Our modest house in Fairfield, CT: three salons, six bedrooms.

Travel was intermittent. We took a short trip north to Healdsburg and Boonville. We went east to celebrate a family birthday in Fairfield, CT, and to see our granddaughter and her parents in Richmond, VA. I went to Seattle to attend an ARCADE meeting and see friends up there. This gave me a chance to visit OMA's remarkable Central Library, a truly impressive building.
 

The Big Room (level 3) in Seattle's Central Library, by OMA.

While in Seattle, I got an unexpected invitation to go to Tokyo to attend the Innovative City Forum. I spent nine days there in the second half of October with my writing partner, Richard Bender, and his wife Sue Bender. I saw many friends - Miho Ito, Yu Serizawa, Ryoko Ueyama, Daichi Amano, Sy Chen, Naomichi Kurata, John Mader, and Shigeru Yamaki - but alas not everyone. 

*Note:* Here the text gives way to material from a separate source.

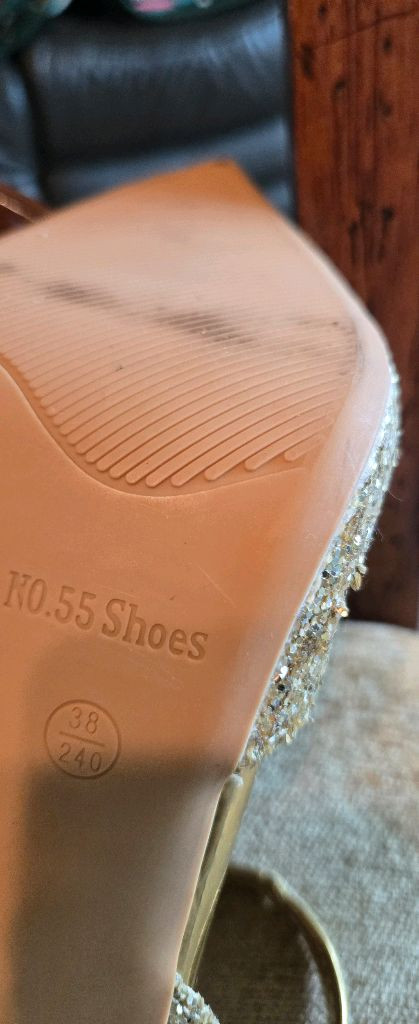 스팽글 스틸레토 힐 웨딩슈즈 이미지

Kei Minohara and his wife Harumi at dinner in Makuhari.

A particular pleasure was to spend an afternoon and evening with the planner Kei Minohara, who lives in Makuhari, the new town between Tokyo and Narita Airport he helped plan. His apartment is in a complex designed by Steven Holl.
 

Toshio Oyama behind the counter at the Nest Café.

RB and I went to the Fukugawa District, part of an older Tokyo that's rapidly disappearing, with Hidenobu Jinnai, historian of Edo (as Tokyo was called). I met Sue's friend Amy Katoh, champion of Japanese traditional crafts and owner of Blue & White, a store in Tokyo that features them. And RB, Sue, and I visited the new Nest Café founded by Toshio Oyama, my oldest friend in Tokyo.

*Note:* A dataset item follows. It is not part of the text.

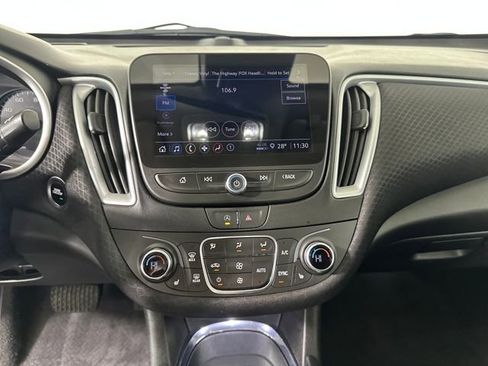 Used 2023 Chevrolet Malibu LT image 21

John, Sally, Theo, and Loz at Michael's house this summer.

Our second son John and his family were here in August. Their older son Laurents (Loz) stayed on to attend San Francisco State University as an exchange student. (He attends Cardiff University in the UK.) John and Sally will be back in April to upgrade their domestic partnership to a marriage. 

The view.

Our oldest son Michael bought a house near the coast north of San Francisco that he's now restoring, the family in tow. He, his wife Bo, and our grandson Conor live close by, as does our daughter Elizabeth. She spent the fall in Europe, mainly in Paris but also in Crete, writing and gearing up to go out on her own. Our third son Ross, his wife Alison, and our granddaughter Caroline visited this summer. While I was in Tokyo, Kathy was in Richmond seeing them.

Caroline and Alison during their visit.

Kathy was hugely involved in the campaign against California's Proposition 10, a sledgehammer measure aimed squarely at community-based providers of rental housing like her and Michael. It was defeated, 60:40. Whew! With this behind her, she's stepping down as president of the Berkeley Property Owners Association, which she's led for the past two years. It should free up time to travel more, a shared ambition. She and Michael are working together now. With Elizabeth setting up as an independent writer and editor, don't be surprised to see "Snowden & Père" at some point in the future.

Goats near Elizabeth's cottage in rural Crete.